Оба эксперимента — и строительство «русской Америки», и воссоздание первичной христианской церкви — потерпели фиаско. Но жизненное поражение, став материалом и темой романа, не становится ли победой — в том самом смысле, в каком победой человеческого духа становилась гибель героя в древнегреческой трагедии. Когда-то Вячеслав Иванов прогнозировал роману жизнь «до той поры, пока созреет в народном духе единственно способная и достойная сменить его форма-соперница — царица-Трагедия, уже высылающая в мир первых вестников своего торжественного пришествия»[3]. Такими вестниками В. Иванову казались романы Достоевского. Однако они, как и романы Л. Толстого, И. Тургенева, вопреки прогнозу, свидетельствовали не о тенденции к перерождению жанра, а о его безмерной емкости — именно роман оказался способен в себя вобрать и воссоздать трагедию — не царицу-Трагедию как достаточно искусственную литературную форму, а подлинную, историческую и личную трагедию человеческого существования. Непревзойденным в этом смысле явлением в русской (наверное, и в мировой) литературе XX века является шолоховский «Тихий Дон».

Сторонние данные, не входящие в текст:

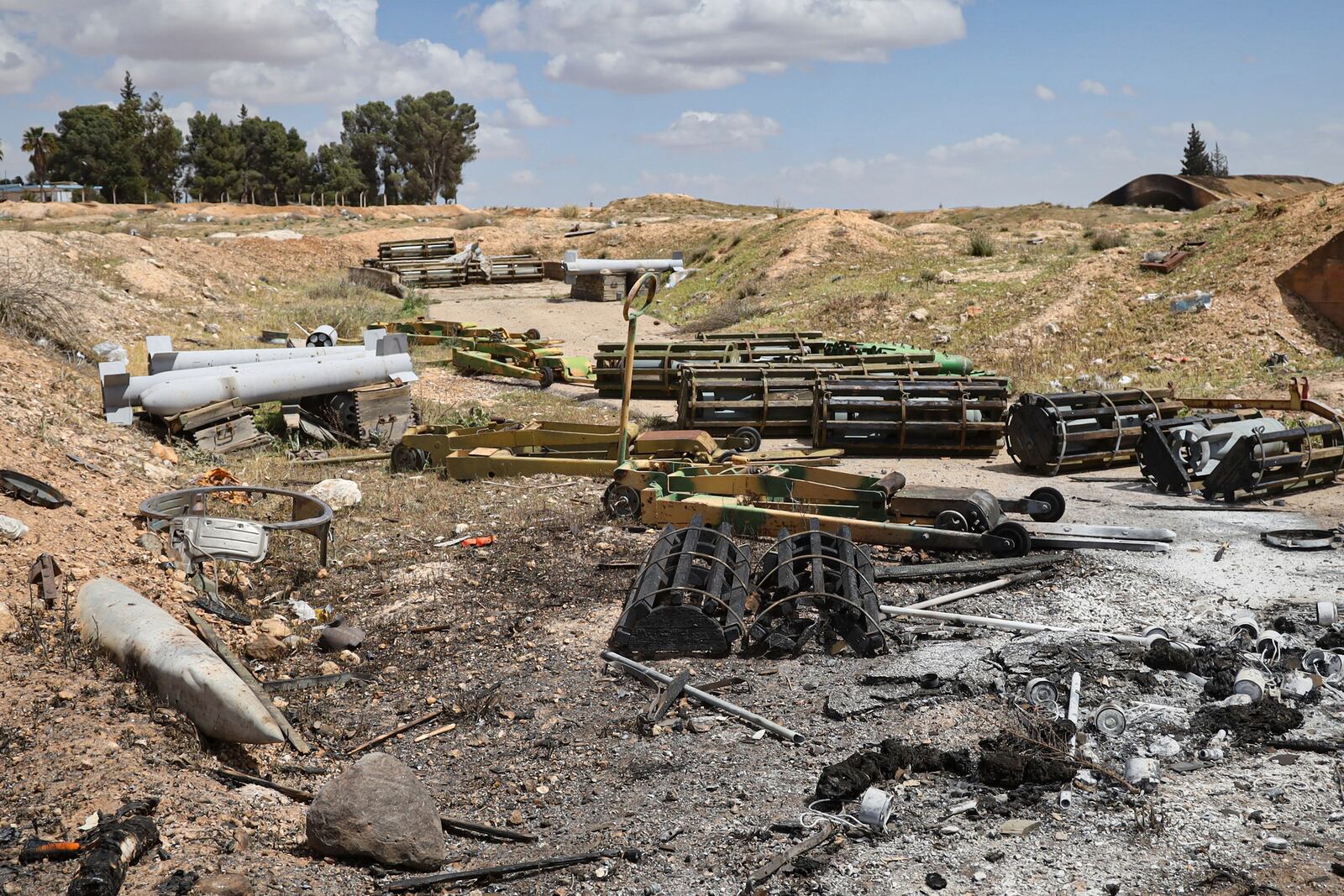 Debris is scattered at the site of an Israeli strike on a military airbase near Hama, Syria, Thursday, April 3, 2025. (AP Photo)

К такого типа роману — синтезу эпического, трагического и лирического начал, дополненных мощным мифологическим вливанием, — стала возвращаться современная русская литература. Разглядеть (может быть, даже не столько разглядеть, сколько признать) это оказывается непросто, и критика начинает строить домыслы, предположения и давать советы, бьющие мимо цели. Например, Н. Александров[4], кивающий на романы Д. С. Мамина-­Сибиряка как на прототип ивановского «Золота» и на образцово-показательно-укоряющий пример, явно давно не перечитывал уральского классика XIX века, иначе бы убедился, что его романы вышли в свет без редакторской шлифовки, в результате чего тексты изобилуют речевыми и грамматическими ошибками (похоже, это тот случай, когда провинциализм сослужил дурную службу), и, главное, что эти романы, в том числе лучший из них — «Приваловские миллионы», довольно слабы «технически» и являют собой преимущественно бытописательство, в котором Иванов, как и в любом описательстве, силен, но к которому он явно не сводим. Не менее странным представляется утверждение Д. Быкова, что «Золото бунта» — «такая же сектантская поэма, как „Серебряный голубь“ Андрея Белого», обоснованное, в частности, следующим образом: «Почему Осташа вечно вносит сумятицу в чужую жизнь, рушит ее, губит всех, с кем свяжется? Да потому, что он классический романтический герой, как и полагается в романтической поэме, — а главная примета романтического героя в том и заключается, чтобы всех губить. Потому что он — принципиальный неприсоединенец, которому ни в одной секте спасения нет»[5]. В этих вопросах-констатациях без малейшей натяжки имя «Осташа» можно заменить на имя «Григорий» — сугубо реалистический, а вовсе не романтический Мелехов вносил сумятицу, губил и погибал и так и остался «неприсоединенцем» вовсе не в силу собственного или авторского «сектантства», а потому, что чаще всего именно таков путь яркой, неординарной личности сквозь «бунт, бессмысленный и беспощадный». Здесь сошлемся на собственный анализ «Золота бунта», чтобы не повторять уже высказанные суждения[6], но в подтверждение правомерности типологической параллели с романом Шолохова подчеркнем, что у Иванова, как и у Шолохова (и этим он существенно отличается от Улицкой), огромную роль играет сама стихия языка, ибо в его романе уже на языковом уровне закладывается эпический фундамент художественного мира.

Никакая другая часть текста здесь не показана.